At one stage, the pair managed to drive their handcycles past a bus stuck in the mud. A few days later, the support team had to carry the handcycles across a river ford in knee-high water.
The team’s Land Rover also had to intervene as the handcycles encountered steep gradients, towing it up and over hills at times, including the pass at Bwahit Peak, at an elevation of 4,200m.
The expedition has also featured many poignant moments. On market day in the village of Cheru Leba, the team attracted a great deal of attention with Alex shaking many people’s hands and on the way out of town before being met by a local man using a wheelchair who came out into the street. During a later visit to a small settlement that had sprung up by a road construction camp, scores of children followed the expedition for several kilometres as it set off along the eastern side of a widening gorge.

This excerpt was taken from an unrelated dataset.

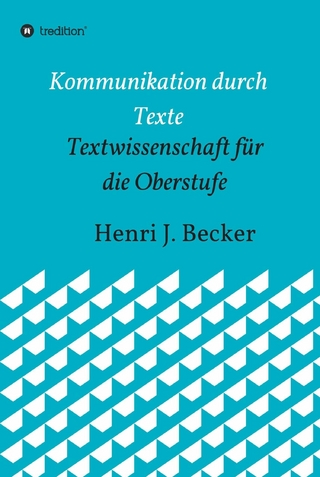 Kommunikation durch Texte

The full journey is being filmed by director Simon Ratigan for a documentary to be screened later.
Ambitious student project
The designers of the handcycle – Christopher Charambolous, Gayan Karunarathna, Guillaume Henry, Junaid Mahomed, The Jin Xuan and Tom Parker – embarked on the challenging task for their fourth year Group Design Project, the culmination of their Mechanical Engineering (MEng) studies at the University of Southampton. The group advanced the project with supervisors Professor Andrew Cruden and Dr Lindsay-Marie Armstrong. The project was honoured in the Engineering Impact Awards’ Student Design Showcase at the National Instruments Week 2019 conference in Austin, Texas.
Their original design was unveiled during the University’s annual Design Show in June 2018 with extensive testing continuing over subsequent months. Christopher Charambolous secured a summer internship in 2018 to continue working on the project once the original University assignment was concluded.

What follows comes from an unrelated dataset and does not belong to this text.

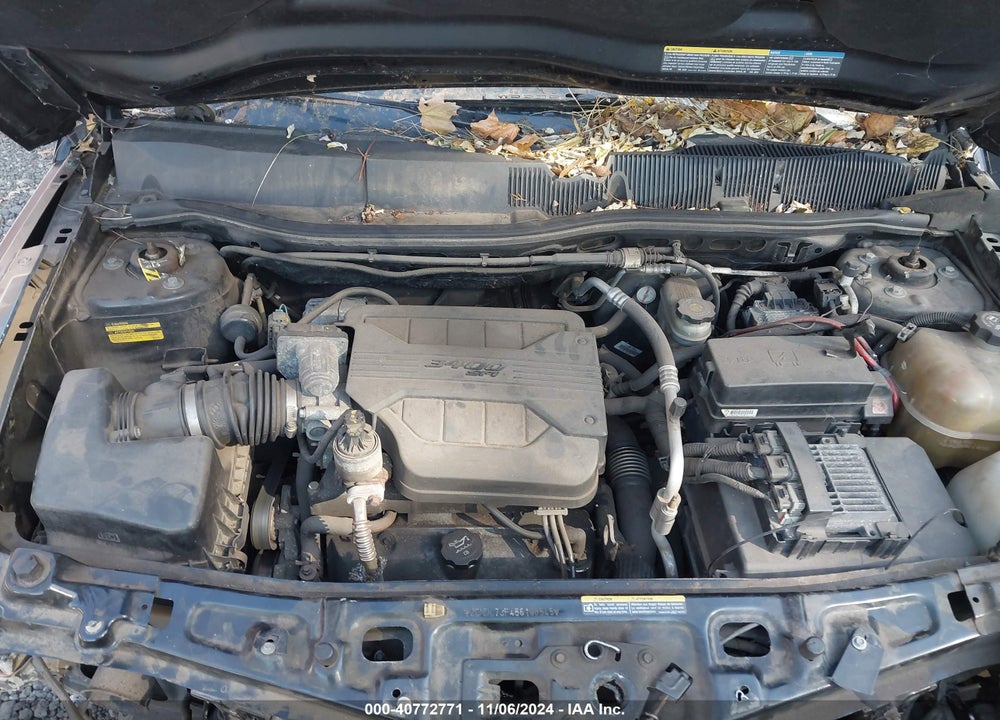 2005 CHEVROLET EQUINOX LT VIN: 2CNDL73F456198545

“Alex’s team told us about the difficult conditions in Ethiopia, it’s a very mountainous area and the roads are bad,” said Christopher prior to the recent expedition. “We are using solar power to help him tackle the climb and all the materials have to be light yet robust enough to cope with the terrain.
“Safety is all-important too,” Christopher explained. “Alex has to clip himself into the handcycle to make sure he’s safe while he’s using it and that was a difficult mechanism to design and test.”

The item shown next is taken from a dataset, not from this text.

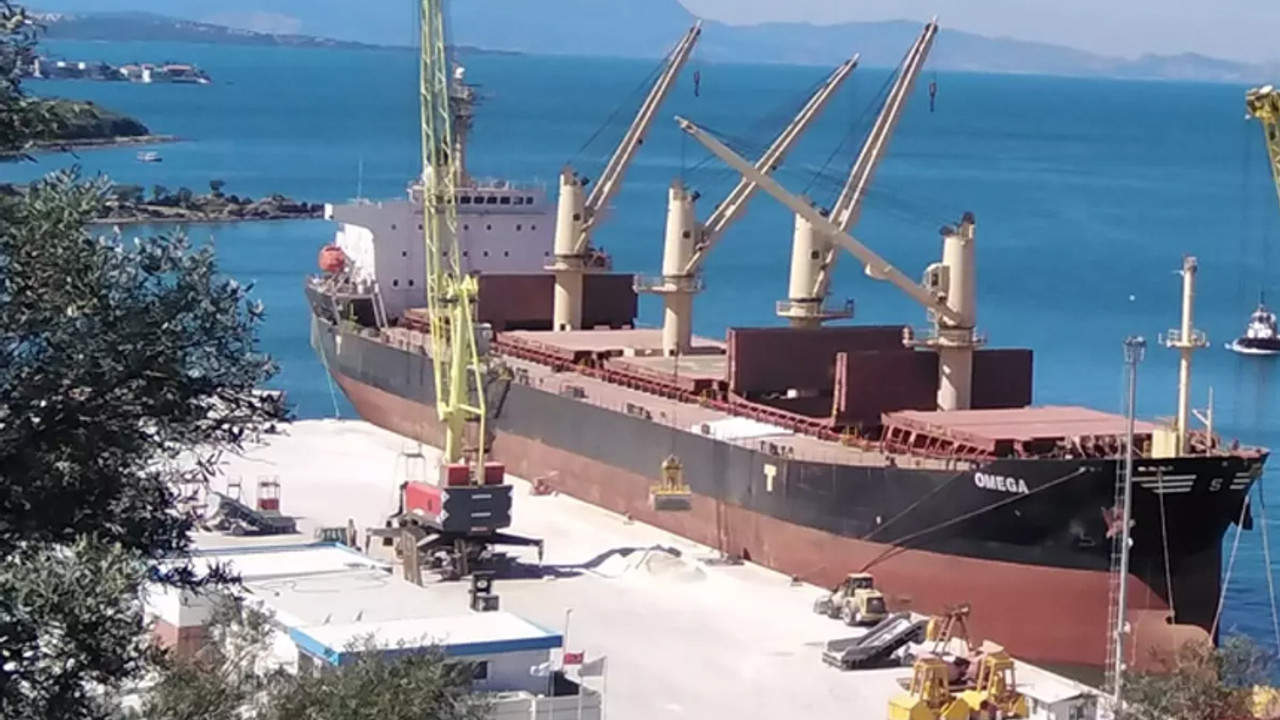Türk gemisi Şangay açıklarında battı: Dışişleri Bakanlığı devreye girdi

“Limited mobility is something that affects millions of people globally,” he concluded. “To be able to work with individuals who want to make a positive difference through emerging technologies, in this case a seriously cool hand cycle, is a privilege as it has an end-user in mind. Through briefing, design, testing and the subsequent attempt to cycle up Ras Dashen we will be able to highlight the University but also show that anything is possible when you put a collective of enthusiastic minds to it.”